Una de las herramientas más potentes que un progenitor adquiere en terapia es la capacidad de “traducir” el comportamiento de su hijo por lo que realmente es: una expresión de dificultad, no una falta de voluntad de colaborar. Por ejemplo, en lugar de reaccionar con un grito ante una explosión emocional, el padre o la madre aprende a identificar qué la precedió: una sensación de soledad, o la imposibilidad de gestionar una decepción. Poco a poco, surge un nuevo lenguaje entre padre e hijo —un lenguaje que no necesariamente se basa en palabras, sino en presencia, escucha y respuesta al verdadero motivo que hay detrás del comportamiento.
A la vez, también se ofrecen herramientas prácticas: cómo dar instrucciones claras, cómo dividir tareas grandes en partes pequeñas, cómo usar refuerzos positivos que se basen en el vínculo emocional y no solo en recompensas externas. Pero estas herramientas no actúan por sí solas. Forman parte de una relación. Solo son eficaces si existe una base emocional que sostiene al niño, recordándole que, incluso cuando no lo logra, sigue siendo deseado, sigue perteneciendo, y sigue siendo querido.
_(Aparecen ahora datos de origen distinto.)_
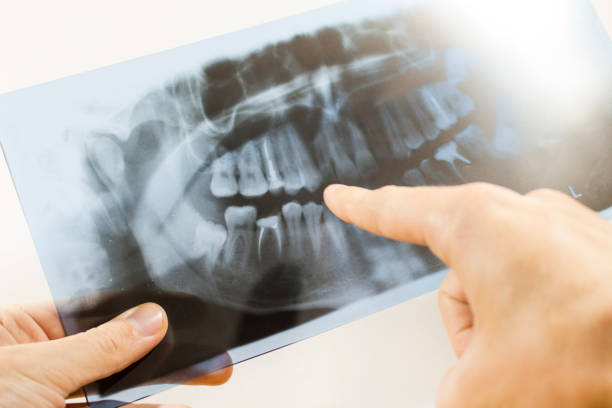 istock to study an x-ray of teeth 1085065856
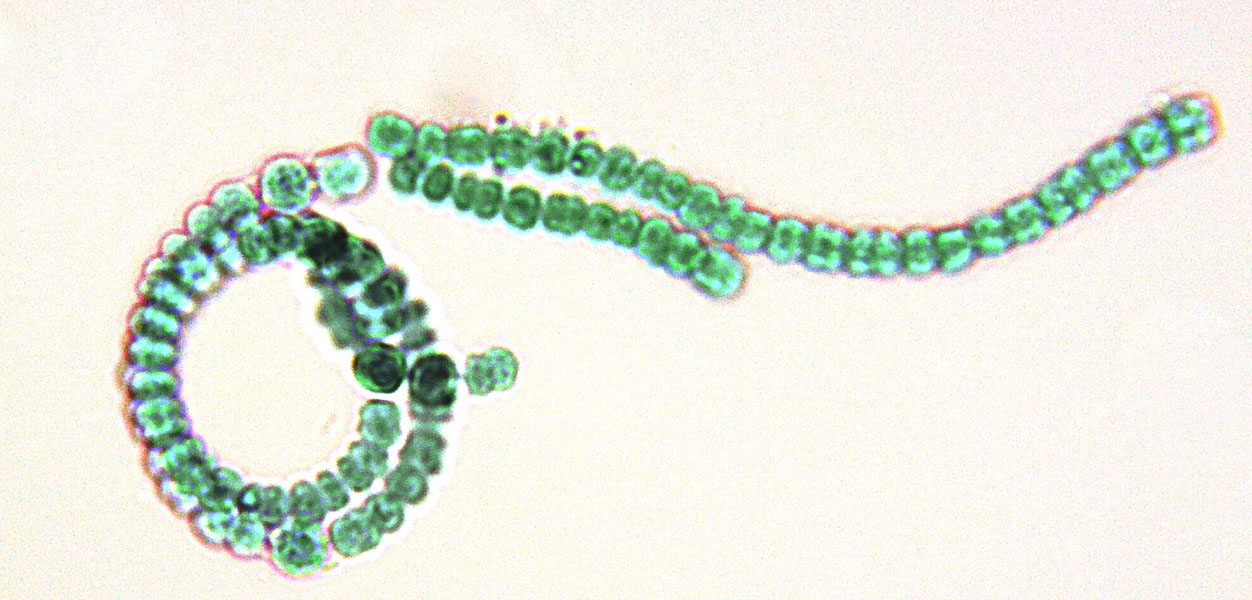 anabaena bacteria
La terapia cumple también otra función: ayudar al progenitor a ver a cada hijo en la familia, no solo al que tiene dificultades. A observar cómo reaccionan los hermanos —a veces con celos, a veces con desconcierto— y a comprender qué se espera de ellos cuando ven, una y otra vez, que su hermano acapara la mayor parte de la atención familiar. También aquí empieza a crecer la sensibilidad: ¿qué vive cada niño?, ¿qué historia se está contando a sí mismo?
Y en la pareja, a veces la relación se reduce únicamente al funcionamiento diario: coordinaciones, indicaciones, logística. La terapia crea un espacio donde es posible volver a encontrarse como personas, hablar sin juicios, y recordar que, detrás del desgaste, hay dos personas que no querían solo sobrevivir, sino criar, amar y estar juntas.
Este proceso no es fácil y, a menudo, requiere tiempo, ensayo y error. Pero cuando un padre o madre empieza a mirar con otros ojos —a sí mismo, al hijo, al vínculo— algo fundamental comienza a cambiar. No se trata de una solución mágica, sino de un movimiento lento y preciso hacia una relación con más comprensión, más flexibilidad, y más espacio para respirar dentro de algo que, de por sí, no es sencillo.